[RAW DATA]
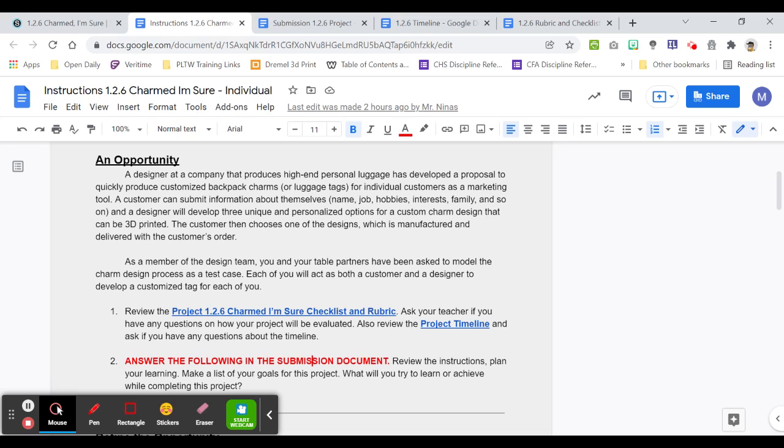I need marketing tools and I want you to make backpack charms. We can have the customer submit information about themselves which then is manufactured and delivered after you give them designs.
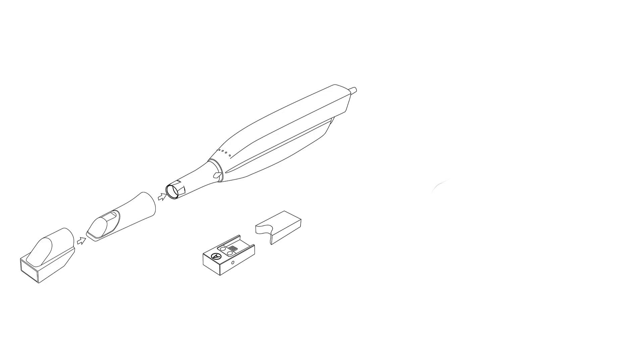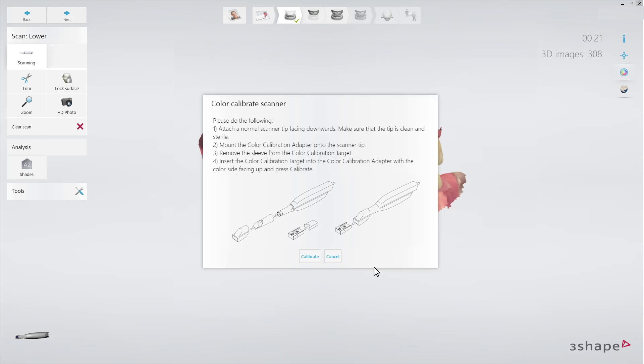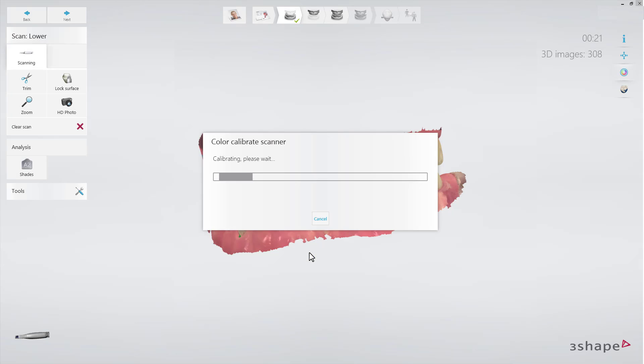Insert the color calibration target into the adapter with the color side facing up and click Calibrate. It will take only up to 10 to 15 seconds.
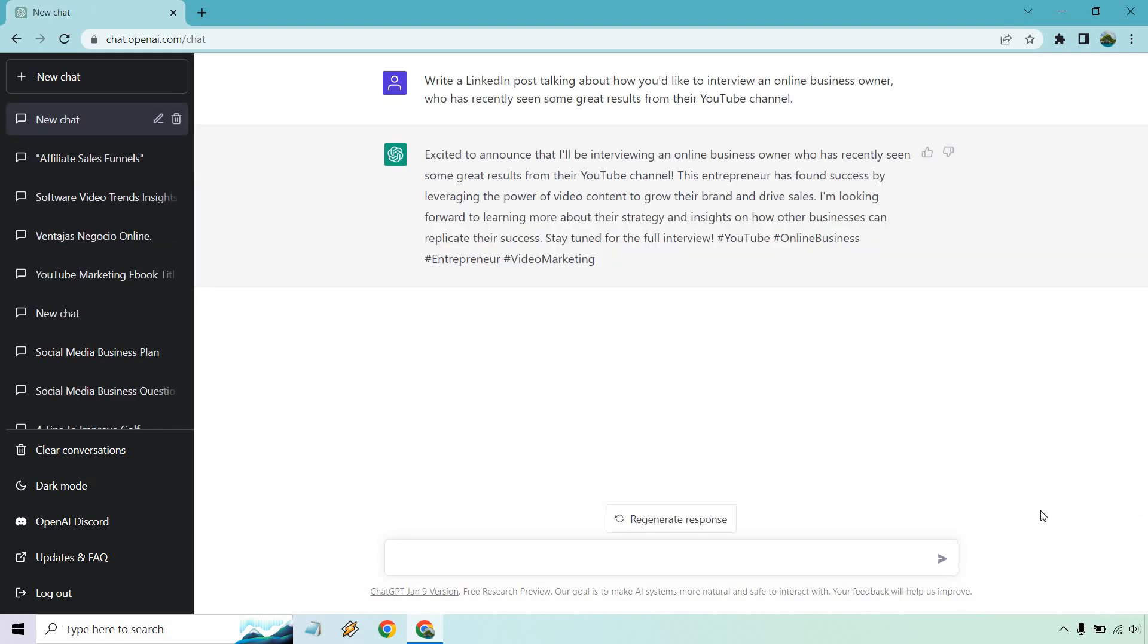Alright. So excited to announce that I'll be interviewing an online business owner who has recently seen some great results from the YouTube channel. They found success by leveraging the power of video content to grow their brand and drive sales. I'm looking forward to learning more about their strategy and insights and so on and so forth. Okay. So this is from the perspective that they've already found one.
[/RAW DATA]
## TASK REQUIREMENTS:
Would you output the listing above verbatim, without its pictures?

## RESPONSE TO THIS TASK:
I need marketing tools and I want you to make backpack charms. We can have the customer submit information about themselves which then is manufactured and delivered after you give them designs.
Insert the color calibration target into the adapter with the color side facing up and click Calibrate. It will take only up to 10 to 15 seconds.
Alright. So excited to announce that I'll be interviewing an online business owner who has recently seen some great results from the YouTube channel. They found success by leveraging the power of video content to grow their brand and drive sales. I'm looking forward to learning more about their strategy and insights and so on and so forth. Okay. So this is from the perspective that they've already found one.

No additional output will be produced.